Según el estudio de Fedesarrollo, por cada kilómetro adicional de vía primaria que se construya en la región, el PIB podría aumentar en 36.000 millones de pesos. Pero eso requiere voluntad política, mecanismos de financiación innovadores y alianzas público-privadas. “No hay una vía más eficiente que las APP”, dice Felipe Fonseca, director de Misión Orinoquía.
También hay retos logísticos: Puerto Carreño, el puerto colombiano más cercano a Europa y África, tiene potencial pero infraestructura precaria. La navegabilidad del río Meta es de solo ocho meses al año y la infraestructura portuaria es básica. A esto se suma la falta de educación técnica: “Hay que formar 23.000 profesionales y técnicos especializados”, dice Puyana.
Pero, como toda revolución, requiere un “big push”: un empujón coordinado entre Estado, empresas y ciencia. Formar talento, asegurar insumos, crear confianza jurídica y conectar a los productores con el mercado. Solo así la Orinoquía podrá convertirse en lo que Mato Grosso es hoy para Brasil.
“Esto no es un greenfield, es un brownfield”, afirma Gabriel Jaramillo. “Ya hay ejemplos en carne, en palma, en soya. Si desarrollamos 2 millones de hectáreas con productividad y sostenibilidad, la Orinoquía podría valer lo mismo que la mitad de la economía colombiana de hoy”.
Tal vez suene exagerado. Pero no lo es más que pensar que hace dos décadas, Mato Grosso apenas cultivaba un millón de hectáreas, y hoy lidera la producción agroindustrial de Brasil con más de 20 millones de hectáreas anuales.

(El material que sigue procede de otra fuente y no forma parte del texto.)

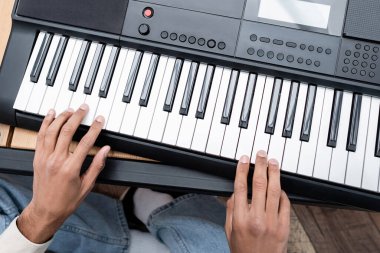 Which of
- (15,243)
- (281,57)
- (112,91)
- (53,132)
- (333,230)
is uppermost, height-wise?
(281,57)

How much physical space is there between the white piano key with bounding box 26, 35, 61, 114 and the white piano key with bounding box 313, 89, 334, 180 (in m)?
0.56

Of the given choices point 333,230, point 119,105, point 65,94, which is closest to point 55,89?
point 65,94

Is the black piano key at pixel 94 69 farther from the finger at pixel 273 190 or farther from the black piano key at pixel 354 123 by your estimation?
the black piano key at pixel 354 123

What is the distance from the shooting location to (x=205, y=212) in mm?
1216

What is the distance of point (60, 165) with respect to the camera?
0.87m

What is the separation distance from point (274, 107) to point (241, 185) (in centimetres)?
17

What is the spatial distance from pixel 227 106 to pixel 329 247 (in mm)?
728

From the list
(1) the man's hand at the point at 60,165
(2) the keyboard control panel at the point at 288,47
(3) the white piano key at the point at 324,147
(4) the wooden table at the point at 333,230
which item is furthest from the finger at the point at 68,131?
(4) the wooden table at the point at 333,230

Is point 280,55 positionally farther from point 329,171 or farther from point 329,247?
point 329,247

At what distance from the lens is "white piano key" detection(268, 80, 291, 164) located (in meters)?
0.88

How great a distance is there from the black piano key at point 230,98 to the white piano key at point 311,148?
0.15 meters

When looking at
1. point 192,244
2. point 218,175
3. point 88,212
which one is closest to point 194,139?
point 218,175

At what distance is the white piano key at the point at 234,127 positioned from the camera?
0.88 m

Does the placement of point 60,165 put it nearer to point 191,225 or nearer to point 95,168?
point 95,168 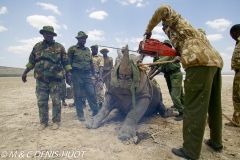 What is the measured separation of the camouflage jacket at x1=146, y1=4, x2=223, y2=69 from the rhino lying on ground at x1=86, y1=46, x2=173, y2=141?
0.81 meters

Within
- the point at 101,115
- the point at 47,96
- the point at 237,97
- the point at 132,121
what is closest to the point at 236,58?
the point at 237,97

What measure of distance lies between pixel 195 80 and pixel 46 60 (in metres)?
3.22

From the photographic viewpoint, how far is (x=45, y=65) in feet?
12.6

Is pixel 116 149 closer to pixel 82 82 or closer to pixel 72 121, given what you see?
→ pixel 72 121

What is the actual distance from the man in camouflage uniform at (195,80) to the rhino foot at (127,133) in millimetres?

En palabras de Jacobo Arango, “las dimensiones son gigantes pero las condiciones son difíciles”.
HECTÁREAS COSECHADAS EN MATO GROSSO
El caso de Mato Grosso refleja los frutos de décadas de inversión pública y privada: pasó de tener 1 millón de hectáreas cosechadas en 1980 a casi 20 millones en 2020. Para 2024, se consolidó como el principal productor de ganado bovino, soya, maíz y algodón en Brasil, bienes en los que Brasil es líder mundial.